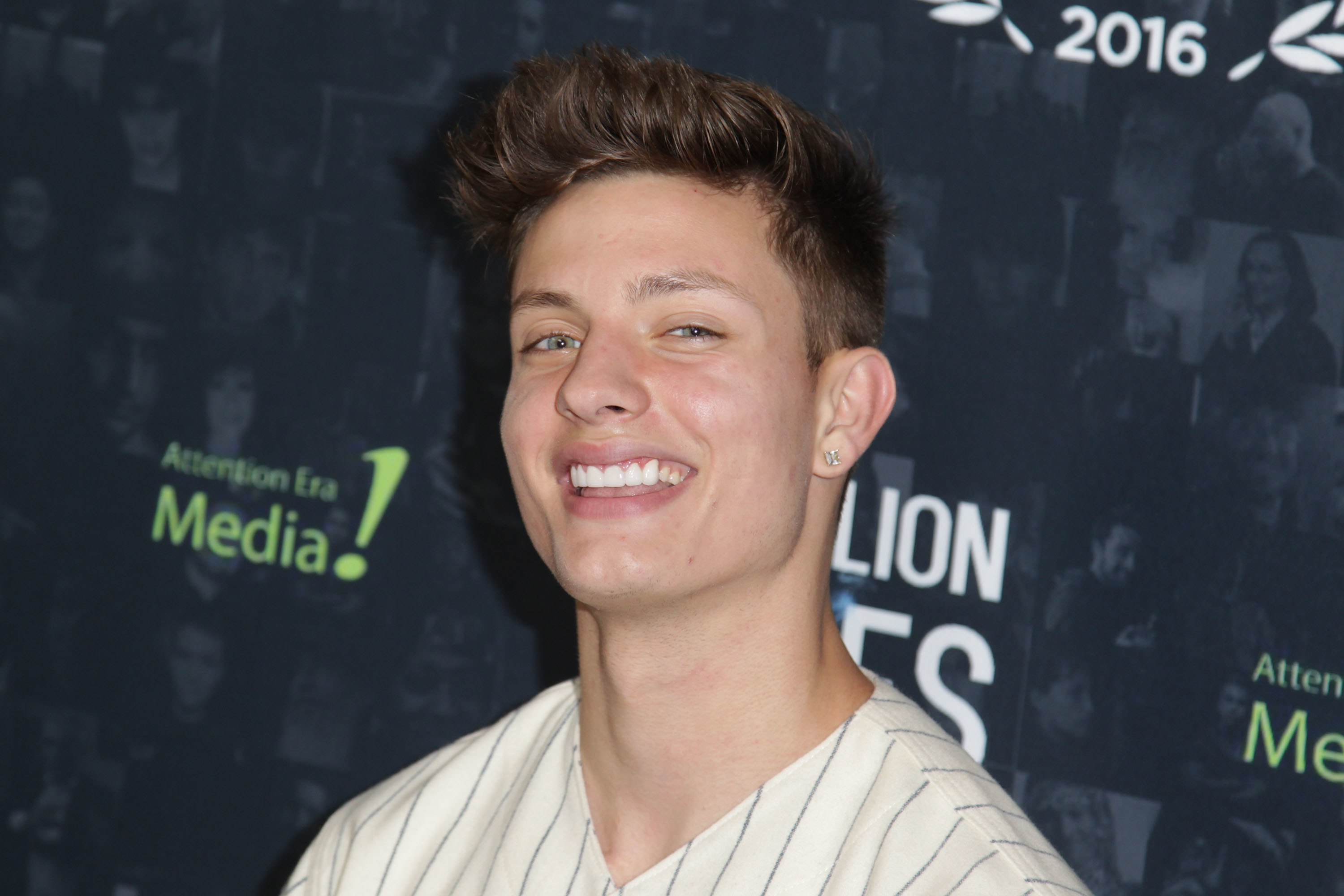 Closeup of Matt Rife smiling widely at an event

════════

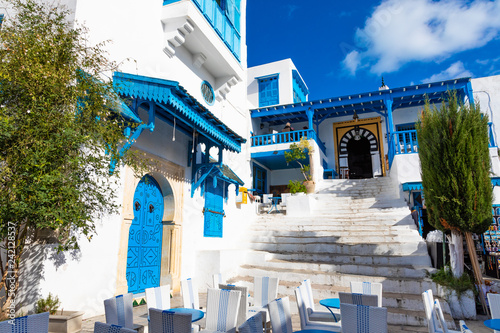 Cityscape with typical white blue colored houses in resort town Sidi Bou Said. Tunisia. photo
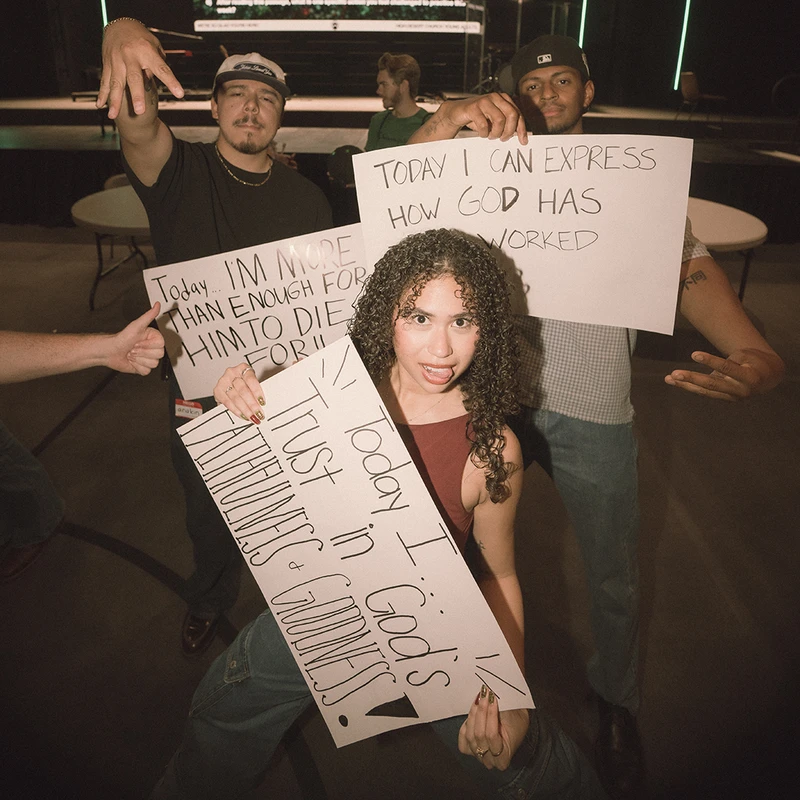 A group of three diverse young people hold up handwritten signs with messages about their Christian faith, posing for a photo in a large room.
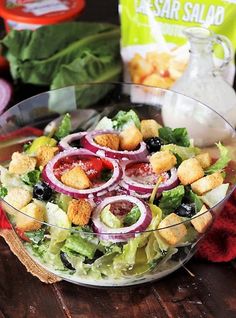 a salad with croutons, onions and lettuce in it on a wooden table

════════

### Problem description:
What are the lines above from the one with "Cityscape with typical" to the one with "a salad with", both included? Reproduce them exactly, without pictures.

### Written response:
 Cityscape with typical white blue colored houses in resort town Sidi Bou Said. Tunisia. photo
 A group of three diverse young people hold up handwritten signs with messages about their Christian faith, posing for a photo in a large room.
 a salad with croutons, onions and lettuce in it on a wooden table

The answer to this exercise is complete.